Banning Potable Water for Construction Activities

by M. Wasim
Water crisis

Water is essential in construction activities. The construction industry consumes a considerable amount of water in its day-to-day operations, using it at every stage of a project’s lifecycle. That includes in washing aggregates, preparing raw concrete, curing concrete, dust suppression, washing of hard surfaces and equipment as well as consumption by workers. However, depleting natural resources owing to the climate change have placed increasingly-tremendous pressure on Pakistan’ already constrained water resources.

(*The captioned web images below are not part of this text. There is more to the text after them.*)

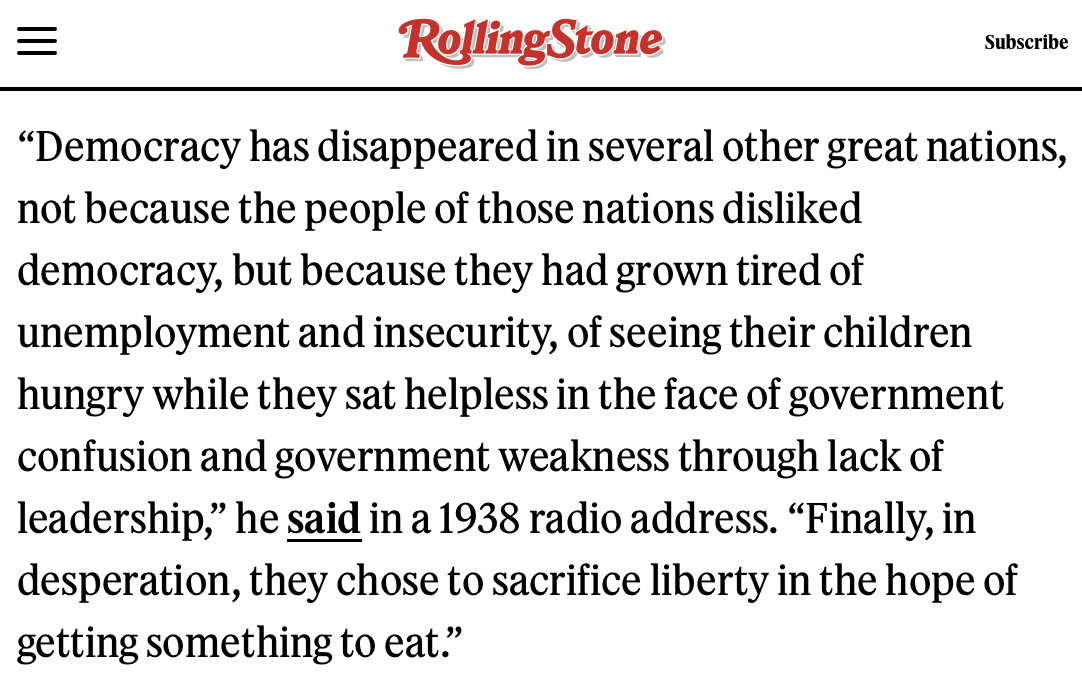 There's a very strong argument that the failures of Democrats and liberals to halt the authoritarian takeover comes down to them spending 25 years building an ideology &amp; media infrastructure designed to avoid accepting or even acknowledging the truth of this one FDR quote.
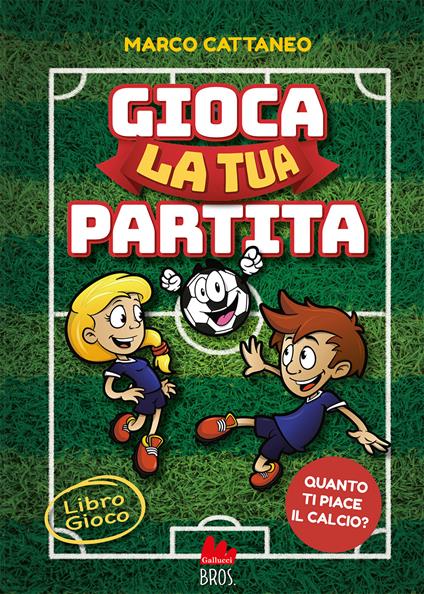 Gioca la tua partita. Ediz. a colori - Marco Cattaneo - copertina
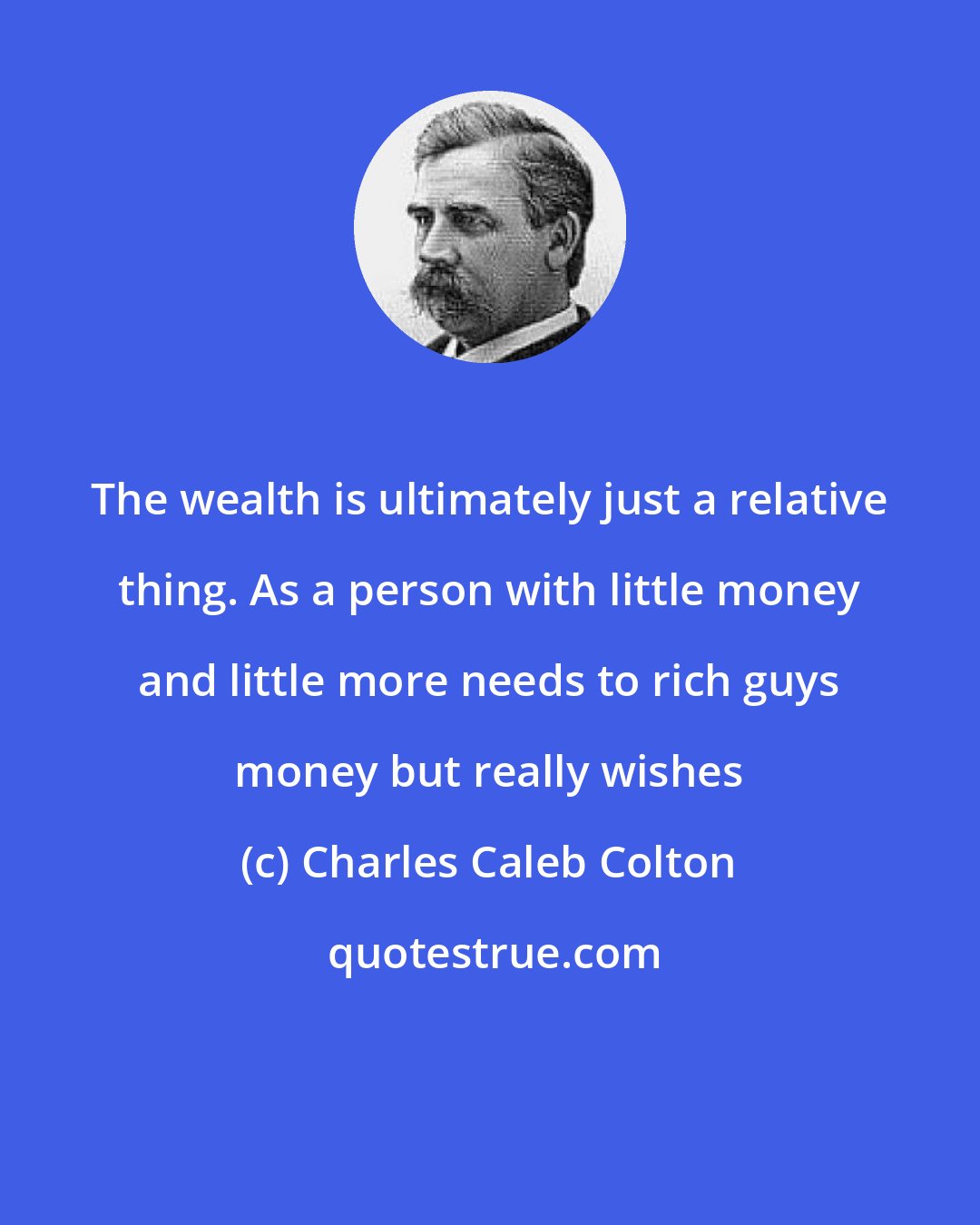 Charles Caleb Colton: The wealth is ultimately just a relative thing. As a person with little money and little more needs to rich guys money but really wishes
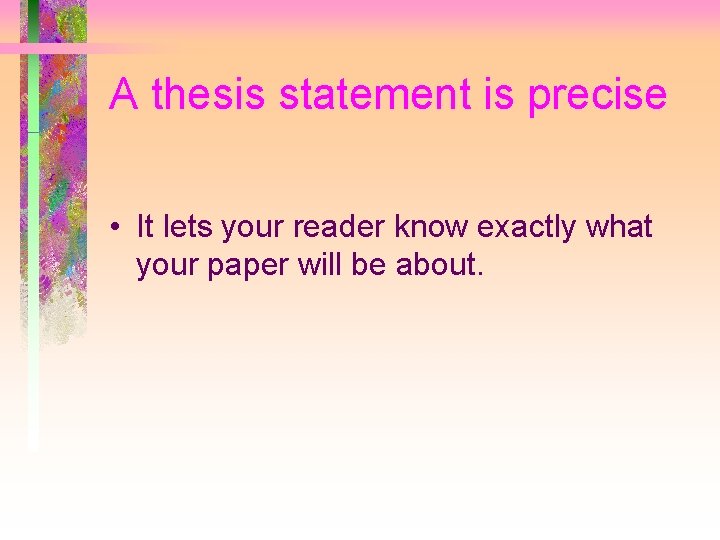 A thesis statement is precise • It lets your reader know exactly what your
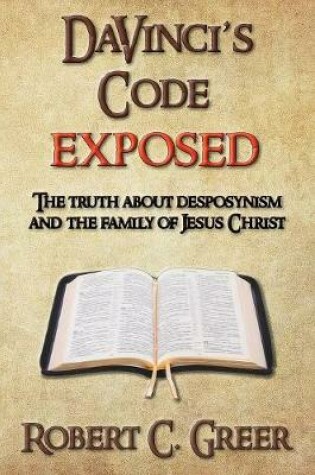 Cover of DaVinci's Code EXPOSED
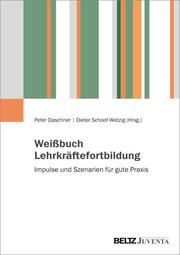 Weißbuch Lehrkräftefortbildung Peter Daschner/Dieter Schoof-Wetzig 9783779985365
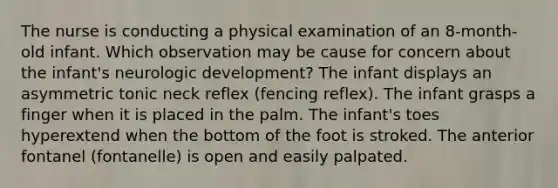 The nurse is conducting a physical examination of an 8-month-old infant. Which observation may be cause for concern about the infant's neurologic development? The infant displays an asymmetric tonic neck reflex (fencing reflex). The infant grasps a finger when it is placed in the palm. The infant's toes hyperextend when the bottom of the foot is stroked. The anterior fontanel (fontanelle) is open and easily palpated.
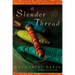 A Slender Thread
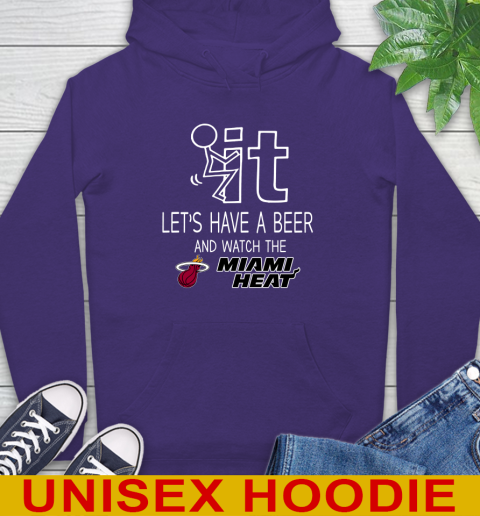 Miami Heat Basketball NBA Let's Have A Beer And Watch Your Team Sports Hoodie 5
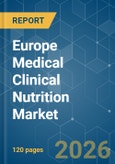 Europe Medical Clinical Nutrition - Market Share Analysis, Industry Trends & Statistics, Growth Forecasts (2026-2031)- Product Image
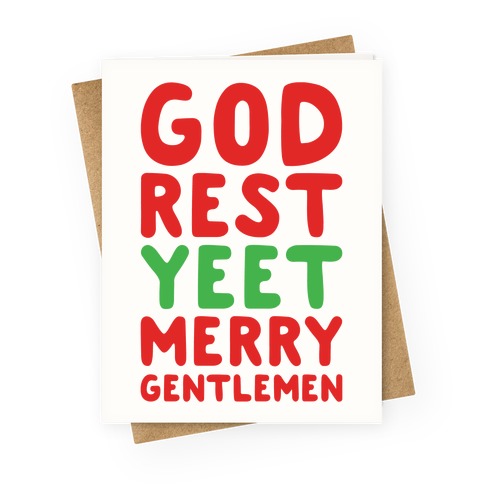 God Rest Yeet Merry Gentlemen Parody Greeting Card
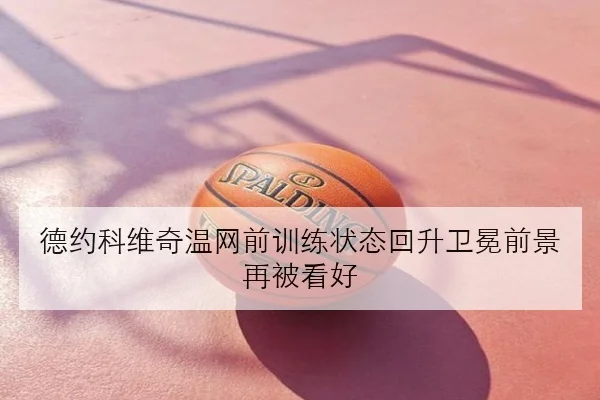 德约科维奇温网前训练状态回升卫冕前景再被看好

That is the reason the government intends to ban the use of potable water in construction projects in Islamabad in order to preserve the drinkable water in the Federal Capital City. Multiple newspapers have reported that the government concludes the current pattern of water use is not sustainable, therefore it is likely to ban the use of potable water in service stations, horticulture and most importantly construction activities to save the drinkable water in Islamabad.

Smart Use of Water

Construction and housing is the second biggest sector of Pakistan after agriculture, employing more than 5 million people across the country. However, it is a fact many builders and developers do not adopt adequate measures in place at their construction sites to reduce excessive water consumption, resulting in millions of litres going to waste.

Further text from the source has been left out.